In [4]:
import pandas as pd

# Define the risk score mapping for each status code
risk_mapping = {
    'C': 0,
    'X': 0,
    '0': 1,
    '1': 2,
    '2': 3,
    '3': 4,
    '4': 5,
    '5': 6
}

df = pd.read_csv('credit_record.csv')

# Map the STATUS values to risk scores
df['risk_score'] = df['STATUS'].map(risk_mapping)

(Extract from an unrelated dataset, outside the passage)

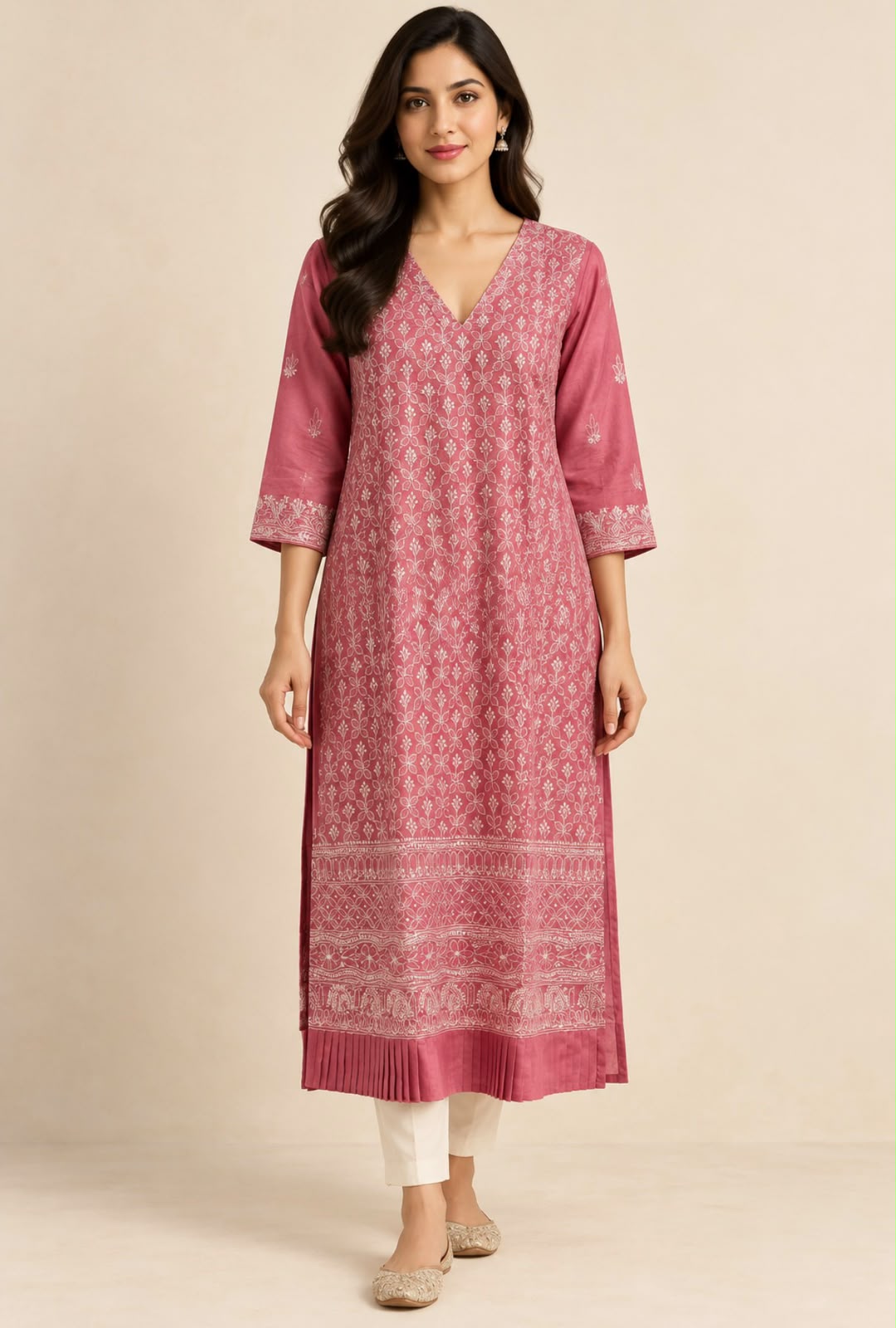 Pink Chikankari Embroidery Tussar Silk Kurta - samasta.in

#  Calculate aggregate metrics (Group by client ID)
agg_df = df.groupby('ID').agg(
    total_risk_score=('risk_score', 'sum'),
    average_risk_score=('risk_score', 'mean'),
    max_risk_score=('risk_score', 'max')
).reset_index()

# A client is labeled "Not Approved" (0) if either:
#   - max risk score is 3 or higher, or
#   - average risk score is 1.0 or higher.
# Otherwise, label as "Approved" (1).
agg_df['IS_APPROVED'] = ((agg_df['max_risk_score'] < 3) & (agg_df['average_risk_score'] < 1.0)).astype(int)
result_df = agg_df[['ID', 'IS_APPROVED']]
result_df.to_csv('credit_approval_labels.csv', index=False)


The new CSV file 'credit_approval_labels.csv' has been created.